300M early-fusion OCR model: plain text, LaTeX, and HTML table output from document images

195Kdl/month

300Mparams

HuggingFace Run on your data

Identifiers

Model ID

tiiuae/Falcon-OCR

Feature URI

mixpeek://image_extractor@v1/tiiuae_falcon_ocr_v1

Overview

Falcon-OCR is an ultra-compact 300M-parameter early-fusion vision-language model for document OCR, developed by the Technology Innovation Institute (TII). Unlike traditional OCR pipelines that chain detection, recognition, and layout analysis, Falcon-OCR processes image patches and text tokens in a shared parameter space from the very first transformer layer, using a hybrid attention mask where image tokens attend bidirectionally while text tokens decode causally conditioned on the image.
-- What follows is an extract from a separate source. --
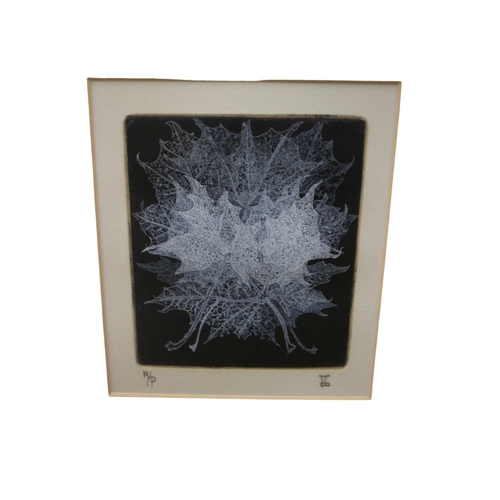 105 - 2 Framed (1 Limited Edition) Signed Leaf Pictures, 63.5 x 53.5 cm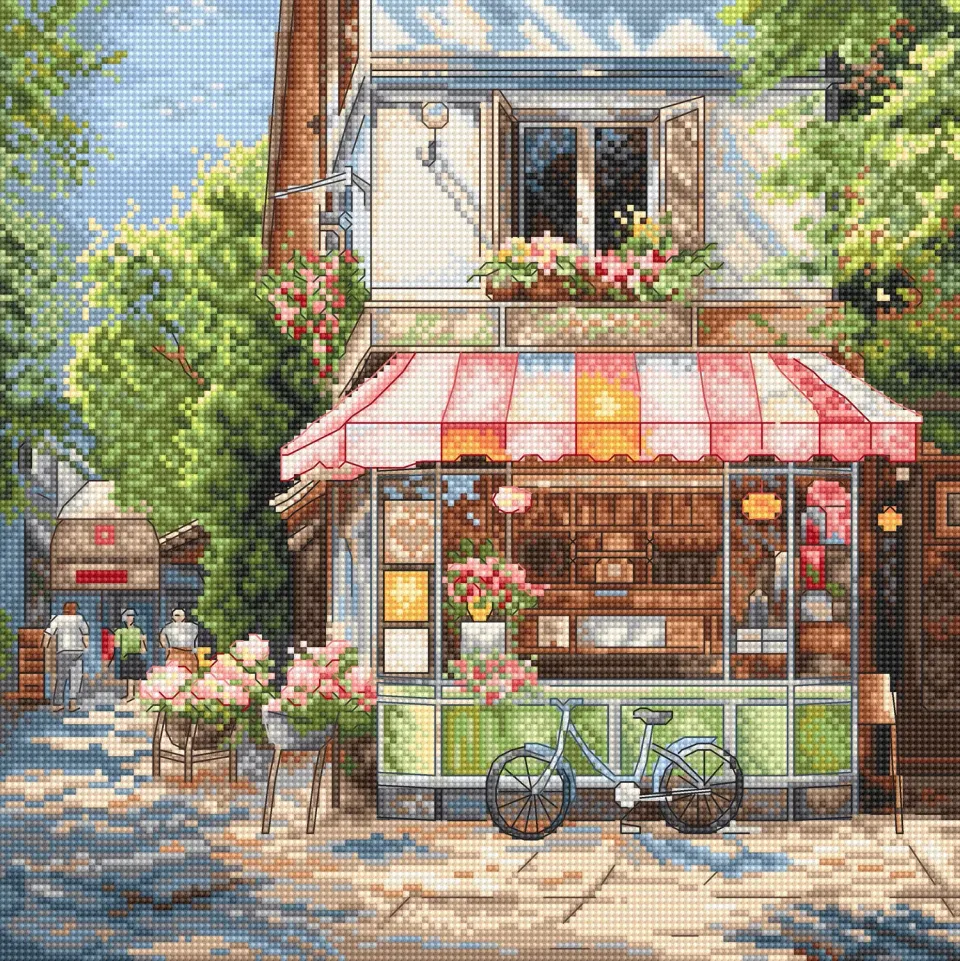 Letistitch L8101 Corner Shop kruissteek borduurpakket 24x24 cm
At just 300M parameters, Falcon-OCR is roughly 3x smaller than competing VLM-based OCR models yet achieves 80.3% on the olmOCR benchmark and 88.64 overall on OmniDocBench. On Mixpeek, it provides fast, lightweight OCR extraction from scanned documents, receipts, and printed materials, producing plain text, LaTeX for formulas, or HTML for tables depending on the requested output format.

Architecture

Early-fusion dense autoregressive Transformer. A single transformer processes image patches and text tokens in a shared parameter space from layer 1. Hybrid attention mask: image tokens attend bidirectionally, text tokens decode causally conditioned on image. Requires PyTorch 2.5+ for FlexAttention.

Mixpeek SDK Integration

import { Mixpeek } from "mixpeek";

const mx = new Mixpeek({ apiKey: "API_KEY" });

// Managed: create a collection over a bucket; Mixpeek runs this model's extractor
const collection = await mx.collections.create({
  namespace_id: "my-namespace",
  collection_name: "my-collection",
  source: { type: "bucket", bucket_ids: ["bkt_your_bucket"] },
  feature_extractor: {
    feature_extractor_name: "ocr",
    version: "v1",
    parameters: { model_id: "tiiuae/Falcon-OCR" },
  },
});